Bremssignale aus dem Äther

Kommunizierende Fahrzeuge

An der «Car to Car»-Technologie wird schon seit einiger Zeit herumgedoktert. Nun will ein weiteres Konsortium mittels Mobilfunk die Straßen deutlich sicherer machen.

Von Martin Woldt

Miteinander kommunizierende Fahrzeuge gelten in der Automobilindustrie schon länger als eine Art Geheimtipp, den Verkehr flüssiger und sicherer zu machen. Sie könnten helfen, etwa die über 80 Millionen Reisestunden zu reduzieren, die jedes Jahr auf deutschen Autobahnen allein durch Staus an Baustellen verloren gehen.

Königsweg «Car to Car»

In den Labors der Hersteller demonstrieren entsprechend ausgestattete Fahrzeuge schon einige Zeit ihre beeindruckenden Fähigkeiten. Ein Opel, der einen noch außer Hör- und Sichtweite herannahenden Krankenwagen ankündigt. Ein Volkswagen, der beizeiten über einen Unfall hinter einer schwer einsehbaren Kurve informiert. Ein Mercedes, der von plötzlich einsetzender Straßenglätte in zehn Kilometer Entfernung weiß.

Als Königsweg für diese blitzschnellen sogenannten «Car-to-Car»-Informationen galt bislang die Internettechnik W-LAN. Unter anderem, weil sie wegen ihrer massenhaften Verbreitung kostengünstig im Auto installiert werden könnte. Noch bis 2010 läuft in Hessen und Rheinland-Pfalz ein umfangreicher Praxistest. Beteiligt sind fast alle deutschen Hersteller. Mit ersten Anwendungen in Serienautos wird ab 2011 gerechnet.

Aufwändige Infrastruktur

Warnhinweis auch bei unübersichtlichen Stellen Foto: Ericsson

Nun hat sich ein weiteres Konsortium zu Wort gemeldet. Unter dem Titel «Cooperative Cars» versteht man sich als ergänzendes Projekt, wie Guido Gehlen vom federführenden Forschungslabor der Ericsson GmbH in Aachen erläutert. «W-LAN hat immer dann ein Problem, wenn kein entsprechend ausgerüstetes, anderes Fahrzeug in der Nähe ist, mit dem man sich verständigen kann.» Selbst ein großer Lkw zwischen zwei Car-to-Car-Partnern könne die Kommunikation stören.

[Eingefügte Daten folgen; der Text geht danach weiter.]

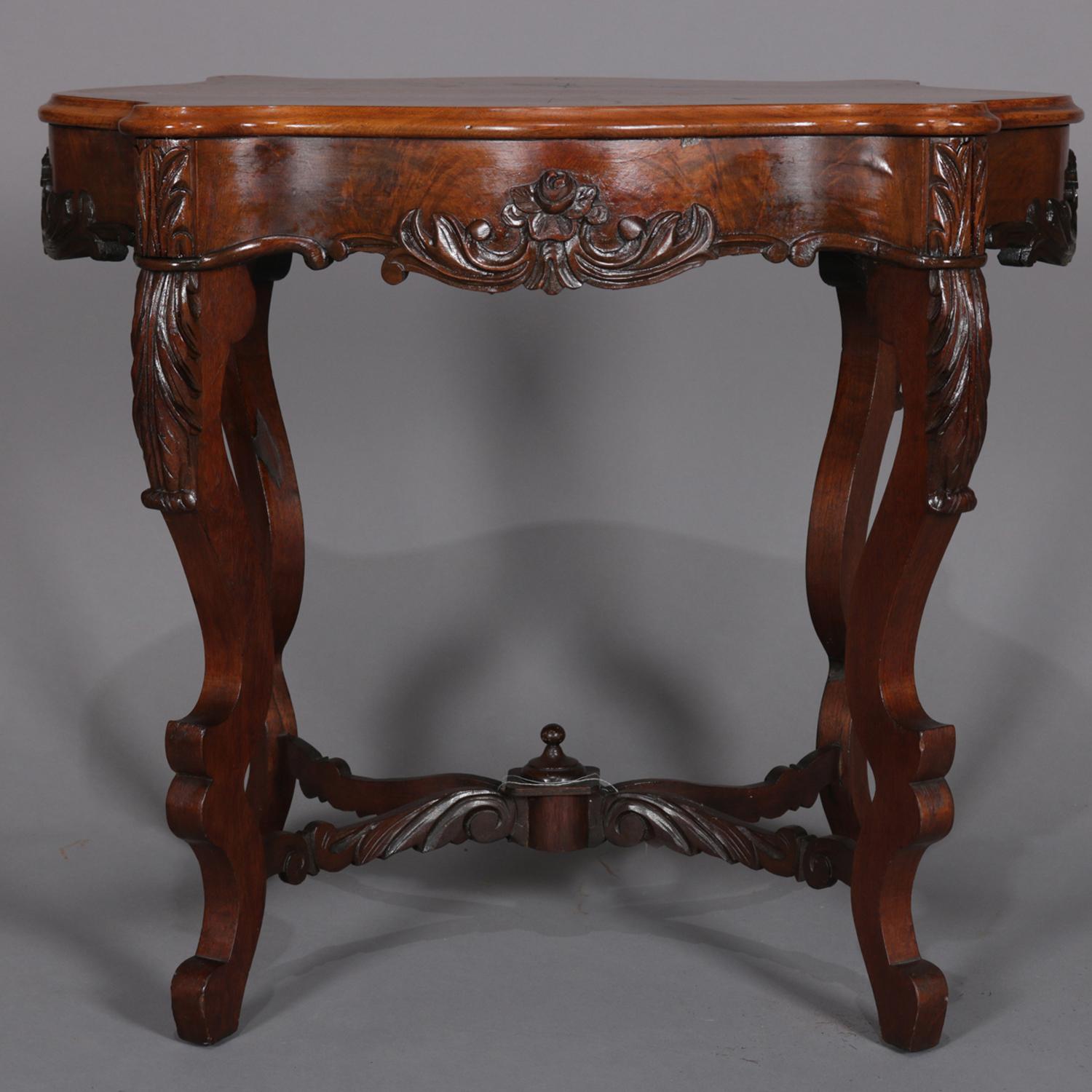Antique center table features carved burl walnut construction with shaped and beveled top over scalloped skirt with central carved foliate and floral reserves raised on acanthus carved s-scroll legs surmounting c-scroll feet and having acanthus form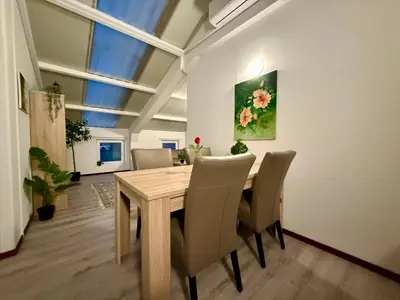a dining room with a wooden table and chairs at Holiday Home Vijfhuizen in Vijfhuizen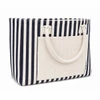 A striped tote bag featuring navy and white stripes with a solid cream front pocket and two handles.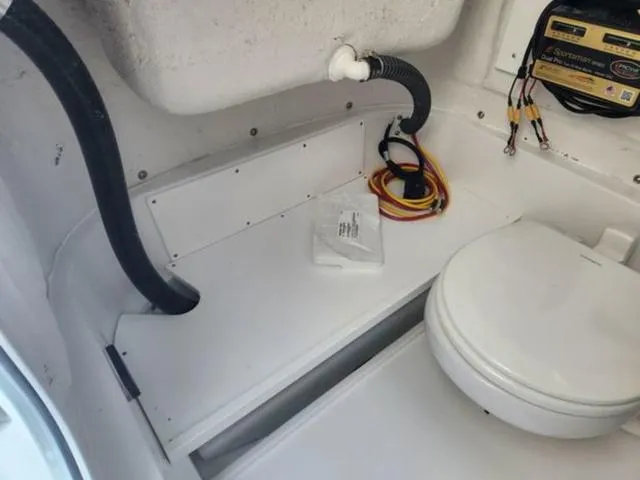 Slide: The Image of 2025 Sportsman Heritage 231 boat interior with toilet and wiring. - 12
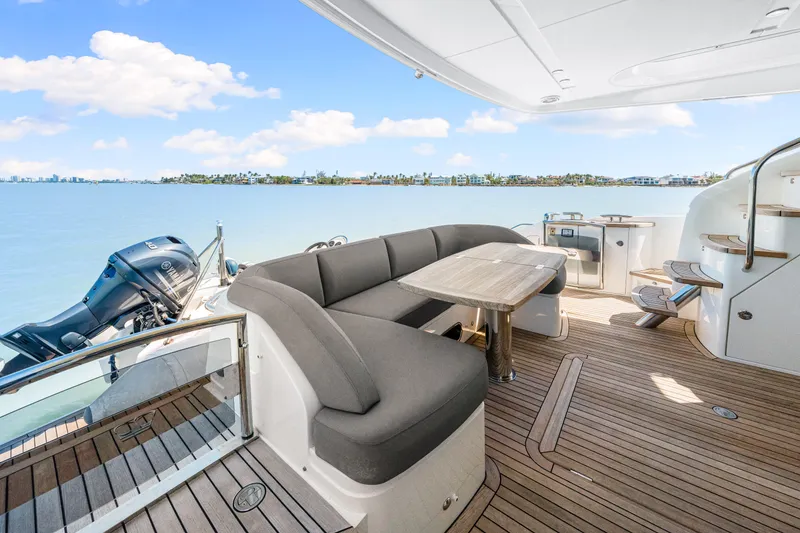 Slide: The Image of Luxurious 2017 Princess 56 yacht deck with seating, table, and ocean view. - 38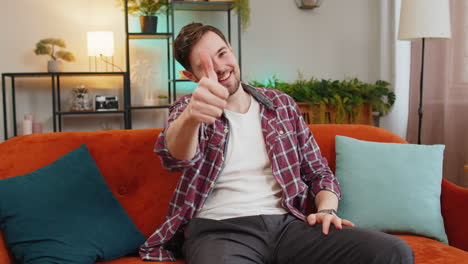 happy man looking approvingly at camera showing double thumbs up like sign positive feedback at home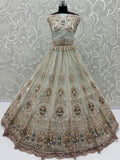 Graceful Mint Green Zari Work Net Wedding Wear Lehenga Choli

Solche Lücken ließen sich nur durch den Aufbau einer aufwändigen Infrastruktur am Straßenrand schließen mit beträchtlichen Folgekosten. «Diese Investitionen wären mithilfe des Mobilfunks, der auf eine vorhandene Infrastruktur zurückgreifen kann, nicht notwendig», so Gehlen.

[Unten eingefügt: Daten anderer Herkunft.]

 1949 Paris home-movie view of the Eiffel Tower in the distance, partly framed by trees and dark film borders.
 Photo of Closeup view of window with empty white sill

Arbeitsteilung der Systeme

Gleichzeitig sieht er eine Arbeitsteilung beider Systeme. Den Informationsaustausch an einer Kreuzung oder beim Einfädeln an einer Baustelle könne man sich auf W-LAN-Basis vorstellen. Die Mobilfunklösung reagiere im Falle von Glättewarnungen, ungewöhnlich starken Bremsvorgängen oder anderen Notsituationen, um entferntere Fahrzeuge zu informieren. Die Gretchenfragen des Projekts, ob die Mobilfunknetze leistungsfähig genug für solchen sicherheitsrelevanten Datenaustausch sind, hält Gehlen inzwischen für geklärt.

«Es dauert nur eine halbe Sekunde, bis andere Verkehrsteilnehmer eine versandte Information erhalten.» Die größeren Datenübertragungsraten der nächsten Mobilfunkgeneration würde diese Zeit noch verkürzen.

Fünf Millionen Fahrzeuge nötig

Ein Blick aufs Navi genügt Foto: Ericsson

Ein weiterer Knackpunkt sowohl der W-LAN- wie der Mobilfunklösung ist der Umstand, dass genügend Verkehrsteilnehmer mit entsprechend ausgerüsteten Fahrzeugen unterwegs sein müssen. Damit überhaupt relevante Informationen für den Austausch zur Verfügung stehen. Das wäre der Fall, wenn etwa zehn Prozent der Fahrzeuge ausgerüstet sind, berichtet Guido Gehlen. Doch das sind immerhin fünf Millionen Autos.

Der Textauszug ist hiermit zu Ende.